Because if you are done and then find out that there is no water available, praying for rain won’t be much of an option.
And Don’t take your purse/bag inside if there are no hooks to hang them on. Because draping it around your neck may be the last resort then and you may not wish to die in the toilet making it look like a suicide.
*There are times when checking before entering may mean another person shoving him/herself in your checked stall. In times like these, just jump right into it and just make sure you have company who can provide you with required things upon unavailability or take care of your accessories. But don’t go like – here! Take my wallet, here! Take my belt, here! Take my ring, here! Take my watch…because the above will happen eventually nonetheless. Someone will enter your stall while you are busy loading your burden onto your mate.
*When you change the diaper of your baby, please throw it into the dumpster. Babies’ faces are cute but their feces are not. Don’t just roll it in the air and let fate decide its destiny. After you clean after yourself, please do that for the baby as well. Man or woman – whoever is taking it for the team.
(If you think this all as a mere exaggerated joke, I would just say you’ve been extremely lucky. But these guidelines will help you in the future whenever you get out of the warm folds of your home sweet home)
Well jokes apart, this is something serious because one of the grave punishments includes someone not being conscious about cleanliness. As the hadith goes….

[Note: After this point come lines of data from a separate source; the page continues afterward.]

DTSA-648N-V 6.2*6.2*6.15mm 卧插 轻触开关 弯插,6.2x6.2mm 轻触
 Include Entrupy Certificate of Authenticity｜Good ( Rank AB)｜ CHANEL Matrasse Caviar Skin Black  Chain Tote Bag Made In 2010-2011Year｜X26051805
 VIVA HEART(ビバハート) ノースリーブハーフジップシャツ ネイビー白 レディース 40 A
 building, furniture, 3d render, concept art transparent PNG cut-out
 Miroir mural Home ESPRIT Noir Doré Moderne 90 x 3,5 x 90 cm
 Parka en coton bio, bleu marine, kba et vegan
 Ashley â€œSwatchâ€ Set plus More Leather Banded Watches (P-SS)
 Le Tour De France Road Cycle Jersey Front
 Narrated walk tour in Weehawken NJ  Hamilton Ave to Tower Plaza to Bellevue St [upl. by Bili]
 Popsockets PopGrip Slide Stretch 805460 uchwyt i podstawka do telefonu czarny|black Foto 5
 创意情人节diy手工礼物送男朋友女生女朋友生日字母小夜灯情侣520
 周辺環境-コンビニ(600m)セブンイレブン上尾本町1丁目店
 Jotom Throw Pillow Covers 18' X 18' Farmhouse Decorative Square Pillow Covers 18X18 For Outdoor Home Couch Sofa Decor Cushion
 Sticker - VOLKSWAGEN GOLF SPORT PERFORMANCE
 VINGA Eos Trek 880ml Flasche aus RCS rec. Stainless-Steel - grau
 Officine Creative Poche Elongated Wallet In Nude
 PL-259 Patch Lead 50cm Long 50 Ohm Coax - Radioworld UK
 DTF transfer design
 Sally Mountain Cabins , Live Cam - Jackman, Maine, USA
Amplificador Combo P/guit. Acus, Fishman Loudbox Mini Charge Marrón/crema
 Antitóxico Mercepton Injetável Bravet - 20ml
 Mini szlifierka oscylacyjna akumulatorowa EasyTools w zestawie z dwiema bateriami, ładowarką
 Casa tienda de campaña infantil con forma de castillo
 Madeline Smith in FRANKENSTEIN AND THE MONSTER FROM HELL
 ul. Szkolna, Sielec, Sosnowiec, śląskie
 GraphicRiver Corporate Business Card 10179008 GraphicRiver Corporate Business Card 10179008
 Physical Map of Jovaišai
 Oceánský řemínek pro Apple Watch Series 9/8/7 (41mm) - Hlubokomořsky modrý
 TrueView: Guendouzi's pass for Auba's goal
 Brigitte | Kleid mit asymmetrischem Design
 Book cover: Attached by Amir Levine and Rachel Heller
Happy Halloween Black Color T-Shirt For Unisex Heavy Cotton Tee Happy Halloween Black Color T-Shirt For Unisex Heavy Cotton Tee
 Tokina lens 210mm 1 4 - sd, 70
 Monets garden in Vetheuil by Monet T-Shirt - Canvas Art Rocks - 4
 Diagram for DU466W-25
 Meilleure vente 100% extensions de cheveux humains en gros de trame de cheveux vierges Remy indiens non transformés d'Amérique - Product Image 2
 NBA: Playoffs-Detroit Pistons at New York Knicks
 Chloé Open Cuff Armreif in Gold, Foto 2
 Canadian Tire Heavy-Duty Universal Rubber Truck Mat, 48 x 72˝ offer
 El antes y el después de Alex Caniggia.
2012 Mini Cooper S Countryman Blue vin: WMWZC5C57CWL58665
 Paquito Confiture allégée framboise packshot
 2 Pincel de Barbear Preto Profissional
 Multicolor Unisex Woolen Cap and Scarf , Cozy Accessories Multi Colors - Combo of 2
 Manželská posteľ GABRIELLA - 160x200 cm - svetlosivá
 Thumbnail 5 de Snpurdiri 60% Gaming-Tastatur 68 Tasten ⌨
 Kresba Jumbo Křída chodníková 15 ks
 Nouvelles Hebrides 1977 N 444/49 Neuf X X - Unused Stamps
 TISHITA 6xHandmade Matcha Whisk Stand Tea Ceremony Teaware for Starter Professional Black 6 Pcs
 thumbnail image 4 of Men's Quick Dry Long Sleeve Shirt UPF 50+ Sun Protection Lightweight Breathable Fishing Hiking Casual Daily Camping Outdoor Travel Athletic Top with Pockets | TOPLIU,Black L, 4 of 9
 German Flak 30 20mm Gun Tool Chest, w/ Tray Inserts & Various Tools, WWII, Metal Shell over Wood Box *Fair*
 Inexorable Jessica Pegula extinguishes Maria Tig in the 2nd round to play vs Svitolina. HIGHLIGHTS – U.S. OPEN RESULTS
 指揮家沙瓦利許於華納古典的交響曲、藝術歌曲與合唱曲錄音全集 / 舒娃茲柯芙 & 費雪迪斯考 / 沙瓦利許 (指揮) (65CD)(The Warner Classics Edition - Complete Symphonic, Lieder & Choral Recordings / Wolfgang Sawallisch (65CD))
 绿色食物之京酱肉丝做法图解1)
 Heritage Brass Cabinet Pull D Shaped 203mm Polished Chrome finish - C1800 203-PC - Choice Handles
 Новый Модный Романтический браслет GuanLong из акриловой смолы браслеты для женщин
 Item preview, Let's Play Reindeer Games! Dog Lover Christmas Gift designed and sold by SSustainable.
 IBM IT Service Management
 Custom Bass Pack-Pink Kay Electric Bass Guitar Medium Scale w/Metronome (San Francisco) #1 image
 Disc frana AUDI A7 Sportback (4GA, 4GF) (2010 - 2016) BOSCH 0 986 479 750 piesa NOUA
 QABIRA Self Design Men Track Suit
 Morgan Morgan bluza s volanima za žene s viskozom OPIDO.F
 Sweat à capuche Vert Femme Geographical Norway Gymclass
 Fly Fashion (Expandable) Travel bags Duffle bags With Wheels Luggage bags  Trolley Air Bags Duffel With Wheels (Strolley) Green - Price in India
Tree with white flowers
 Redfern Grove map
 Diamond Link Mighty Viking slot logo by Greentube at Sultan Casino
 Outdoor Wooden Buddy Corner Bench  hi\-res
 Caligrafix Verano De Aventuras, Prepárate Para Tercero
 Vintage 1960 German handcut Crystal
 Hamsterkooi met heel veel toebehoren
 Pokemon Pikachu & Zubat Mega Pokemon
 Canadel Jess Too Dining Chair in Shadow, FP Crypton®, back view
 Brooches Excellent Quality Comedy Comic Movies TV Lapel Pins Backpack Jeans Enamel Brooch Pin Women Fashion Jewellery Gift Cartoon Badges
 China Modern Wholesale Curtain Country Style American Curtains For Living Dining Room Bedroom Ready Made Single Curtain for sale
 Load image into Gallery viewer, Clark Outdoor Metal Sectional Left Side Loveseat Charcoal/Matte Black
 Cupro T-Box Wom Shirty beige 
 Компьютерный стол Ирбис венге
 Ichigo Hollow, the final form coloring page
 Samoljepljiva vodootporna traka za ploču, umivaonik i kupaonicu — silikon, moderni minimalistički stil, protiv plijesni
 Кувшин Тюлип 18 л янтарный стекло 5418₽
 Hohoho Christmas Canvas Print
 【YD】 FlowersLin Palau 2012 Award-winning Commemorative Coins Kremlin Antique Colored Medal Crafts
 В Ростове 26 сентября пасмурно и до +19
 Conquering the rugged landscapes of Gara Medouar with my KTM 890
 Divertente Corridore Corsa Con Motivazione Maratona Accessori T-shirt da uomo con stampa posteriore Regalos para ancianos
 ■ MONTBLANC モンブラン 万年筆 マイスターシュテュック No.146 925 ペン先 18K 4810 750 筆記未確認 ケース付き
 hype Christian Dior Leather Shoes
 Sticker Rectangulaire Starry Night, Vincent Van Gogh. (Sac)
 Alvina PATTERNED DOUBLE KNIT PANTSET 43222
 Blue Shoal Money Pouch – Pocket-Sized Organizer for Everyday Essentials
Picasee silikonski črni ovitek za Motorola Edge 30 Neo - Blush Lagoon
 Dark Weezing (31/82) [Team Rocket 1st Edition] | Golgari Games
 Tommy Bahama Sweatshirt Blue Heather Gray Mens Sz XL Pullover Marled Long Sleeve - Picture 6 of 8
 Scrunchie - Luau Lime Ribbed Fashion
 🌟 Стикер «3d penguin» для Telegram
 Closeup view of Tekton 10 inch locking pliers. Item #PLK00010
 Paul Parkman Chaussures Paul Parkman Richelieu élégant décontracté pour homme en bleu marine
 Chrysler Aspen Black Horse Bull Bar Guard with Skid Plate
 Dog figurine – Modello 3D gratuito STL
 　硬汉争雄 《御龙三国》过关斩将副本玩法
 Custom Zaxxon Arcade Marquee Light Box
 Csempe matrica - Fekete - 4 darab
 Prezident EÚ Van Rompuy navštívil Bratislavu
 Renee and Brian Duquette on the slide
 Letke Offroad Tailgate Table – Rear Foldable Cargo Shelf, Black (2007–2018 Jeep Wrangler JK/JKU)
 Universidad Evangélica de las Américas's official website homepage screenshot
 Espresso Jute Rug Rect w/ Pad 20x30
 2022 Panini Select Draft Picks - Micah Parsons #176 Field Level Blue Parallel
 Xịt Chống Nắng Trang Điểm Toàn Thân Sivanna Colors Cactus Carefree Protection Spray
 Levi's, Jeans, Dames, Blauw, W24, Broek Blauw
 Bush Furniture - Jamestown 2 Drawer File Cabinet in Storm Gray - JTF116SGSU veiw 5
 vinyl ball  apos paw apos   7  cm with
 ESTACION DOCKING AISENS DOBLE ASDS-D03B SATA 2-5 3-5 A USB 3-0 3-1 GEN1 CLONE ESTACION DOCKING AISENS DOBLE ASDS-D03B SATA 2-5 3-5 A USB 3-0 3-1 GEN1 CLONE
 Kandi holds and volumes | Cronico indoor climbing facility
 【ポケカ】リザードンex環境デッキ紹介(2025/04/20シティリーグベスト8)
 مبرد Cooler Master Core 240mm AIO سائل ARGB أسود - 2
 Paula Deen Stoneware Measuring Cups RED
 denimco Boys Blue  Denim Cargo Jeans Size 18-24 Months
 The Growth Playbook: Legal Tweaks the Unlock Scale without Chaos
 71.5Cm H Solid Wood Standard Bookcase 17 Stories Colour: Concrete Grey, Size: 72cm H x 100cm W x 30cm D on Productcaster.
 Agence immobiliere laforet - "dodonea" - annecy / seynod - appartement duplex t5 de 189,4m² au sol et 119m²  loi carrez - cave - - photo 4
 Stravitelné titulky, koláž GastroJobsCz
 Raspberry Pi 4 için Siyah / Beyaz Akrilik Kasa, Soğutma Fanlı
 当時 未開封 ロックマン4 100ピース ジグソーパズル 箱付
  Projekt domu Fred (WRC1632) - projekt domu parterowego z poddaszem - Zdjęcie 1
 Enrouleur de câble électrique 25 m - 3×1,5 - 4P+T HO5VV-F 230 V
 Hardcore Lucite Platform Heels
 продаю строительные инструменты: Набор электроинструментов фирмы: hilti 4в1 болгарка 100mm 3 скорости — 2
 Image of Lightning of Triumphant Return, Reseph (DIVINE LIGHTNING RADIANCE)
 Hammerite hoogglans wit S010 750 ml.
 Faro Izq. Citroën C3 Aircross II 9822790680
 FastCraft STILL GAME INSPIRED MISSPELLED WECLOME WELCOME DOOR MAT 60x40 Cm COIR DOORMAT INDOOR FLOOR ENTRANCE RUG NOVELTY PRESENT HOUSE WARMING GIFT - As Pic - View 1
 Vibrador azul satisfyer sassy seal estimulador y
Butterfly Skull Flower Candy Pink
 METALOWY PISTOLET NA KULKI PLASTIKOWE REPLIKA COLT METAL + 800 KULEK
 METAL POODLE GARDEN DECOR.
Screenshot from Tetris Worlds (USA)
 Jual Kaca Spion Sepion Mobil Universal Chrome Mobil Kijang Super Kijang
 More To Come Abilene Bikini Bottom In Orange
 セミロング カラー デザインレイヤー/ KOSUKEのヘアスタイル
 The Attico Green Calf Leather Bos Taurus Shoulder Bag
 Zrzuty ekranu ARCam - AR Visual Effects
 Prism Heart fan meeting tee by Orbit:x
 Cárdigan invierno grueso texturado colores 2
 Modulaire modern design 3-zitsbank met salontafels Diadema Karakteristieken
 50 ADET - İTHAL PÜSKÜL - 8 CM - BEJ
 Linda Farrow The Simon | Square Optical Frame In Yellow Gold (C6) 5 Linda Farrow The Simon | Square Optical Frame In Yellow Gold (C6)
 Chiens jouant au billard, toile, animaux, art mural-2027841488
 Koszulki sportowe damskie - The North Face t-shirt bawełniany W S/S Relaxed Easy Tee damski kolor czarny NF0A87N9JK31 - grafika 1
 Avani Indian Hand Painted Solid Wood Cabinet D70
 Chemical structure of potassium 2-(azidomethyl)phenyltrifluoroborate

You can’t single-handedly eradicate the lack of hygiene issues in public restrooms but you can dilute its strength. We will never stop fighting. We will go on; we will always work this issue until it doesn’t need to be worked on anymore. This is just a small step towards some basic awareness – but a small step is better than nothing, better than an intangible ideal.
Please make purification – your half faith …

“….and purification is half of faith.”

Be the change you want to see in the world. And if Muslims are going to present themselves this way, how are we ever going to preach? Actions speak louder than words. Allah is watching you. And angels are taking notes. Stay conscious.
Our deen is so beautiful and complete. It teaches us how to live a life – From smallest details to the biggest of issues. The very basics of life.
May Allah guide us all to the best behavior that wouldn’t hurt us or people around us.